Patch to add support for system-wide FTGL. I kind of get flamed for
thinking about using something else than what blender provides. And
who cares about shared libraries anyway, they are dangerous. If you
want to have a good idea of what blender folks think about being
distributed, you want to read that thread.


That one shows the problem clearly enough. Blender folks are not
interested in using system-wide libs *at all*. They apparently prefer
using their own private (and buggy....Sam made the point very clear)
version of a library, on the vague assumption that, as libraries
change their API without warning, they're bad.

I'm anything but a specialist in this area, but my understanding is
that this is what sonames are about..:-). Anyway, in 2009, such
reasoning is....awfully flawed.

Just drop that blender thing and announce this loudly enough,
preferrably by coordinating with other distro maintainers. That will
eventually trigger a fork from people who have a more collaborative
way of thinking. After all, to my understanding, this blender stuff is
kinda widely used in 3D modelling, right?

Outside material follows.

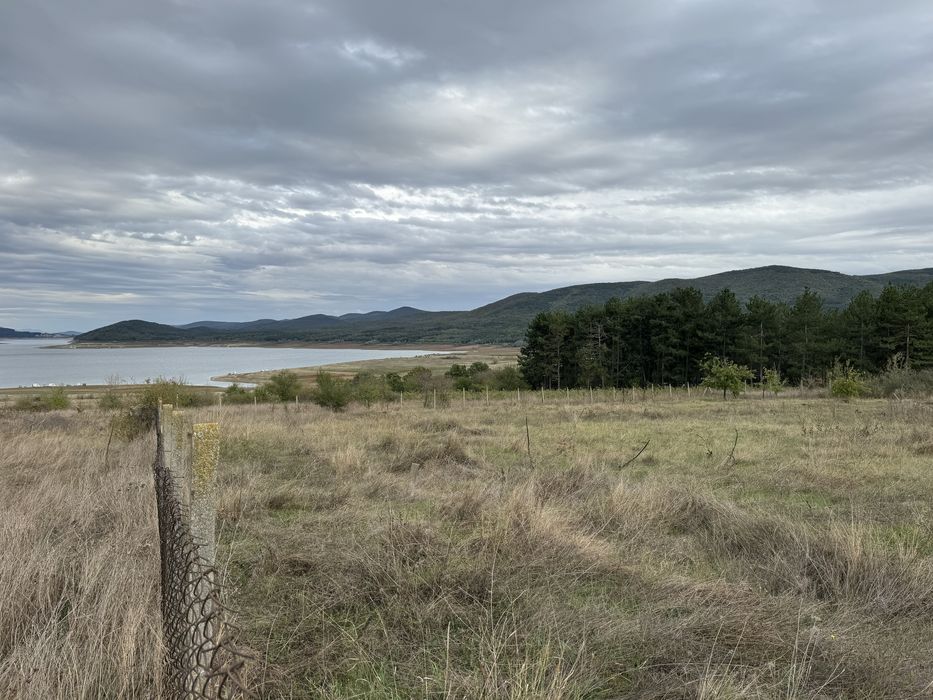 Продаеа парцел, с. Паничерево, язовир “ Жребчево”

I read that discussion in a different tone as it mostly refers to the FTGL thing. They made changes to the library that are needed and blender would not work correctly without those. The patch doesn't ensure that the system version of that library includes those changes, it doesn't even check for known good versions. This was the main complaint especially since there is no release of FTGL with those changes, yet! So they cannot expect for everyone (and there are other distributions, too) to use _unreleased_ versions of a library (release candidates are not a release). Together, these are valid points for linking a private copy that was tested against. They didn't say anything against having to update that copy.

Additionally, not all upstream library developers are aware of how SONAMEs are to be handled (and maybe they got burned by this before). Maybe because libtool's description of SONAMEs is way to complicated (what insane person wrote this?) and limited, and because other popular systems don't support this. After all, users only see bugs in the frontend, not in the libraries behind it. And there are lots of other projects, too, that include private copies of libraries (e.g. mplayer). This was even the proposed way for some GNU stuff some time ago!